Kanon lo guardò con un’espressione smarrita, come se l’altro si stesse esprimendo in arabo.
«Il cosmo di Athena non era presente in quei giorni. Ricordi? Per tredici anni, il cosmo di Athena non ha toccato una sola, singola pietra del Santuario.»
«Non c’ero. Non posso saperlo.» Bugiardo, lampeggiarono gli occhi di Milo. Kanon non raccolse. «E comunque...»
«Oh, avanti! Ci sono mille modi per sgattaiolare fuori dal Santuario e andartene dove ti pare, quando ti pare e se ti pare. E sono sicuro che tu e Saga li conoscevate tutti ben prima che io, Aiolia e Camus ne sospettassimo l’esistenza. Sbaglio?»
Kanon sbuffò. «No.
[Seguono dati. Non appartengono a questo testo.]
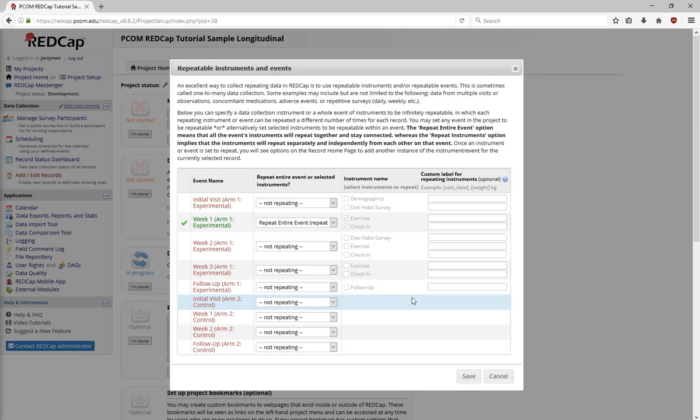That covers the basics that you'll find in a longitudinal project. Next, let's look at how to create reports in REDCap, how to export data from REDCap, and go over what statistics REDCap collects.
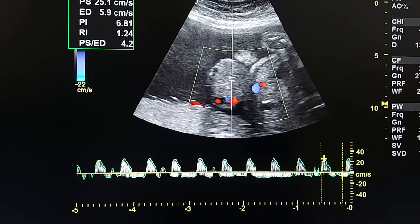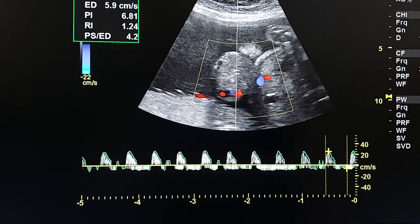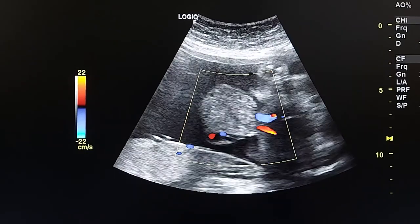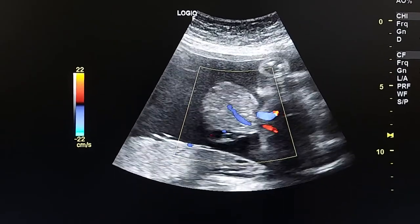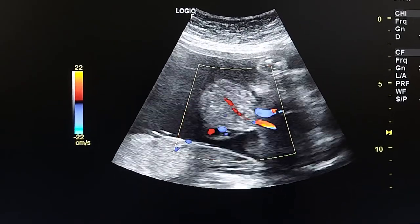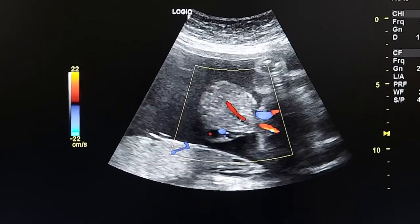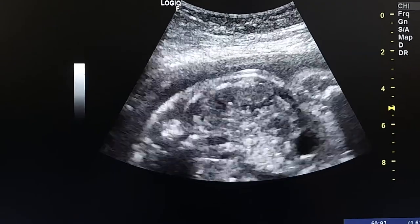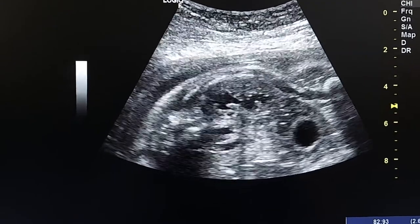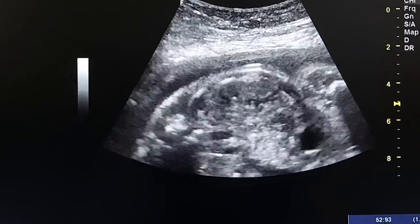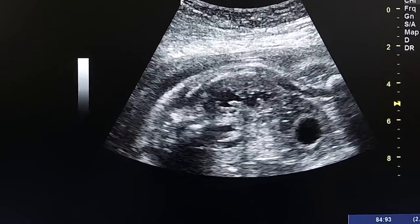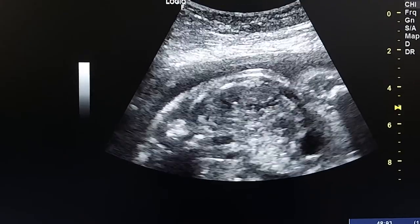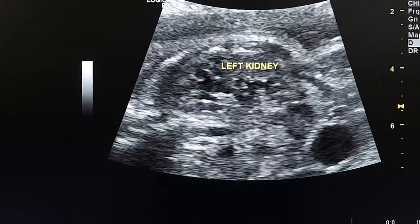This is the spectral Doppler of the central artery on this lesion. Also noted are dilated — mildly dilated — kidneys.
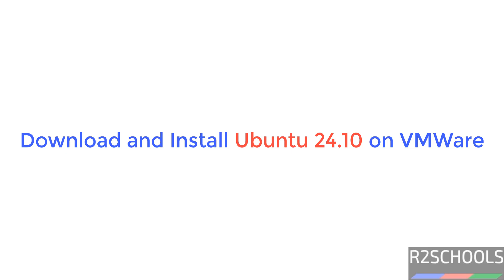Hello guys, in this video we will see how to download and install Ubuntu 24.10 on VMware Workstation. First we will download Ubuntu 24.10, then we will install it on VMware.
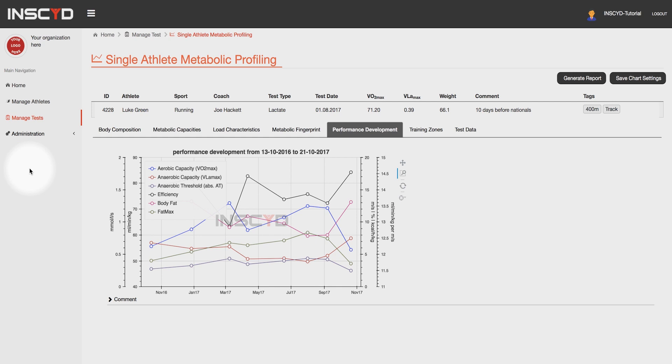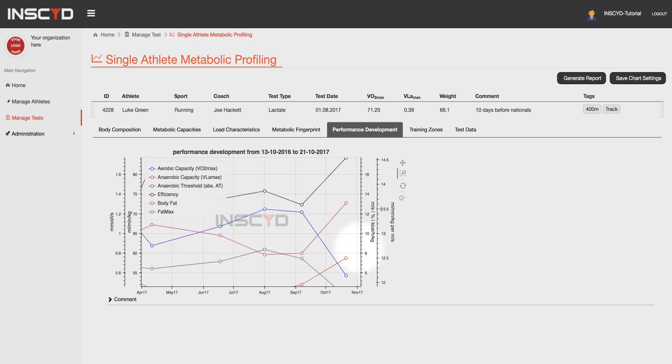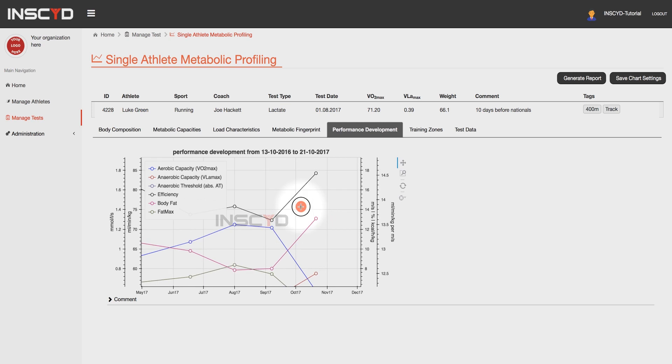You may use the interactive zoom and pan functions to highlight a particular time range or metrics of interest. By hovering the mouse, you can directly access the test date and value of the physiological metric of interest.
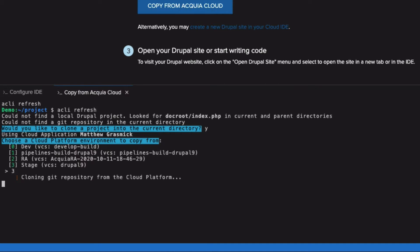I'm going to choose the stage environment, which has a branch named Drupal 9 checked out to it. And the first thing it's going to do is clone that Git repository to my IDE and check out that branch.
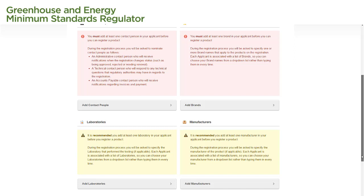It is also recommended that we add at least one test laboratory to our applicant and add at least one manufacturer to our applicant. It is not mandatory for us to add a test laboratory or a manufacturer before we begin an application, but it will make the process easier for us if we do.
Non sbagli.»
«Alla buon’ora!», esclamò Milo raggiante. «Quindi, la mia teoria potrebbe essere possibile, se non probabile. Giusto?»
«Giusto.» Kanon strinse i pugni. Quello stronzo. Quello. Stronzo. «Dio. Mio.»
Athina si alzò.
«Qual è il problema? Quello vero, intendo.»
«Il problema vero è che mio fratello aveva due personalità distinte e separate. Una buona da fare schifo e l’altra malvagia da fare spavento.»
«E per dirlo lui...»
«Okay», disse lei, interrompendo sul nascere l’ennesimo scontro di testosterone. Maschi. Quando fu sicura di avere l’attenzione di entrambi, proseguì: «Ho afferrato il concetto. Quindi?».
«Quindi, ammesso e non concesso che l’ipotesi di Milo sia corretta...»
«E lo è», s’intromise il diretto interessato, fissandosi le unghie.
«Ammesso e non concesso», proseguì Kanon, ignorando le provocazioni dello Scorpione, «non sappiamo quale delle due personalità abbia addestrato Gemini. La buona? La malvagia? Entrambe?».
«La Reggenza di Saga…, l’ha definita Gemini. Mi pare chiaro quale sia il suo punto di vista.»
«La Reggenza di Saga…» Kanon alzò le mani. Quello stronzo. Quello stronzo. Quello. Stronzo. «Ma perché?»
«Per avere una propria pedina all’interno…»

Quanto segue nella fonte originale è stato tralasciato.